Nothing wrong with that. At all. But even if Cyber Command doesn't convert from provisional to permanent status, the investments being made and the redirected civic and business leadership position northwest Louisiana for a huge leap into the knowledge-based economy.

Those who have the big picture — 8th Air Force Commander Lt. Gen. Robert Elder and Innovation Center Director Craig Spohn have each met with The Times Editorial Board in recent weeks — leave us with a no-lose scenario. That is, we may be chasing the "wrong" quarry — a cyber warfare command — but for all the right reasons.

Barksdale's missions are important, but the area has many of the assets needed to make this fertile ground for other 21st century opportunities.

n The $50 million Bossier City and Bossier Parish committed to building the Cyber Innovation Center, along with $57 million from the state, will provide the support and facilities necessary for heavy-hitter contractors or startup operations.

(The planned I-20 ramps into the base also can help the case for landing a more conventional training mission at BAFB — Common Battlefield Airmen Training, also known as CBAT. The ramps, for one thing, enhance movement to nearby Camp Minden, facilitating Air Force collaborations with the Louisiana National Guard.)

n The state's Louisiana Optical Network Initiative, a high speed Internet link that connects Louisiana's colleges and universities with the nation's most powerful computers and scientific minds, runs right next to the Cyber Innovation Center. The center actually adds greater worth to LONI, validating further the investment of state dollars.

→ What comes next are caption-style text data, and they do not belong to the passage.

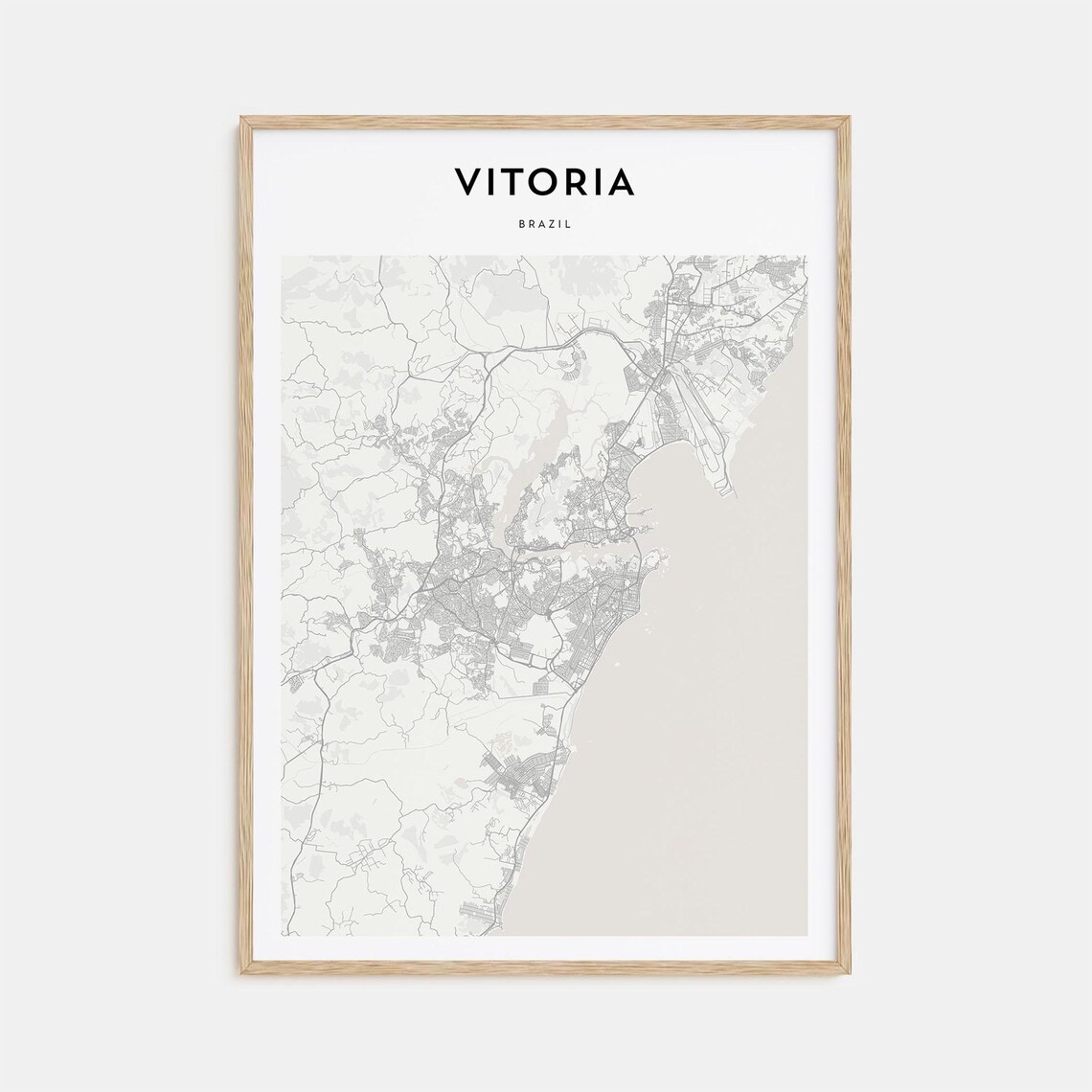 Vitoria Brazil Modern Minimalist City Street Map Travel Poster
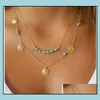 Hanger kettingen mooie choker collier boho pearls diamanten ketting mtilayer voor vrouwen mannen bar gelaagde kwast metaal goud druppel levering dhtnj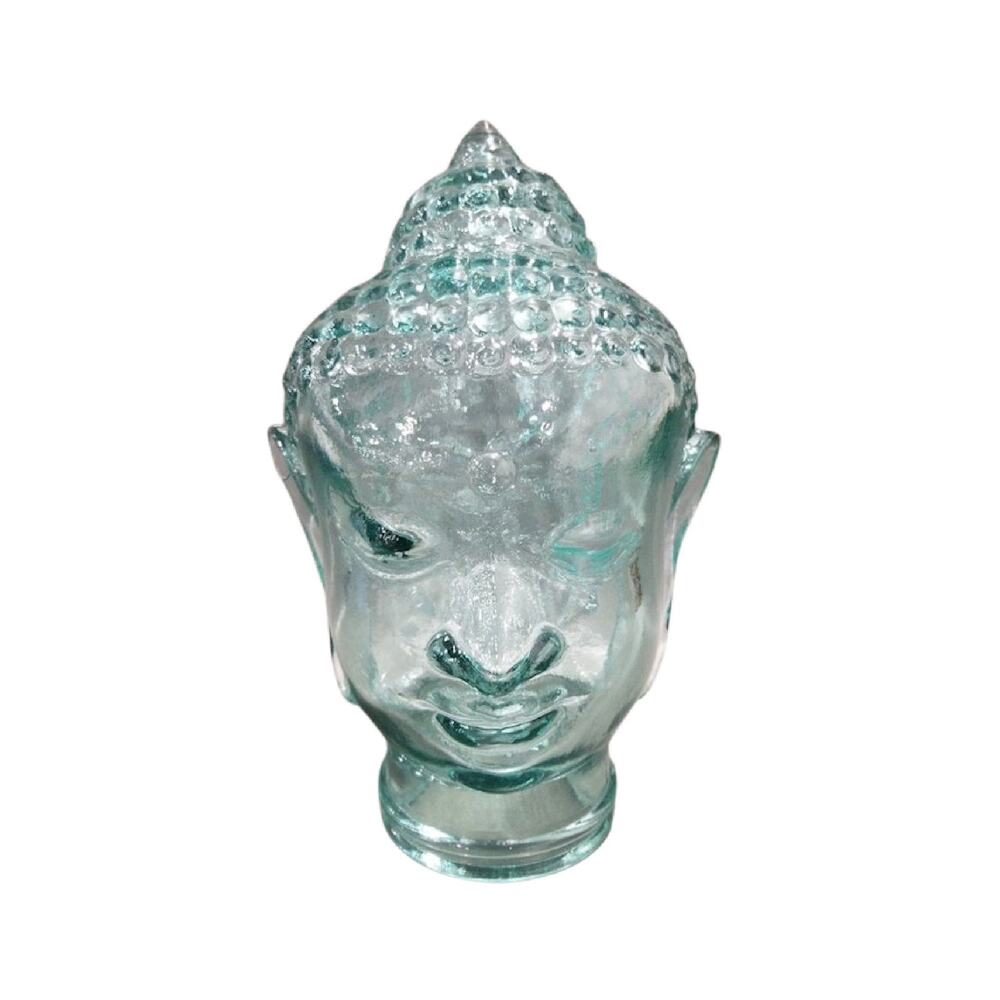 Green Glass Buddah Head Bust Hat Stand by Vidrios San Miguel, 11" Tall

n From Northwestern State University in Natchitoches to Bossier Parish Community College on the doorstep of the Innovation Center, the chase for Cyber Command has focused higher education's attention on academic areas necessary to support this mission.

Louisiana Tech University, with its partnership with LSU-Baton Rouge, its pioneering work in micromanufacturing and development of a Ruston research park, will provide both resources and an eastern anchor to the I-20 research corridor. But consider that cyber research has added urgency to efforts to add graduate degrees at LSU-Shreveport, particularly getting state clearance for a Ph.D. in bioinformatics.

The presence of a local filmmaking industry had already fed efforts to add animation opportunities at LSUS. But anyone who has played a computer game with sophisticated visual effects can appreciate the military training potential of such technology.

n Likewise, Cyber Command has prompted a public awareness of the need to pursue industries beyond manufacturing, gambling, call centers and other mainstays of the last century. This awareness should further enhance the business climate necessary to leverage our formidable health care industry into more research-based endeavors that attract investors and spin off commercial opportunities, whether through LSU Health Sciences Center or the Biomedical Research Institute.

Keep the pedal down on chasing cyber headquarters for Barksdale; it's an important mission for a base that must eventually transition from being the primary home of an aging B-52 fleet. But with or without the actual command flag flying at BAFB, Cyber Command has led the area down the right path for an economy built for the future.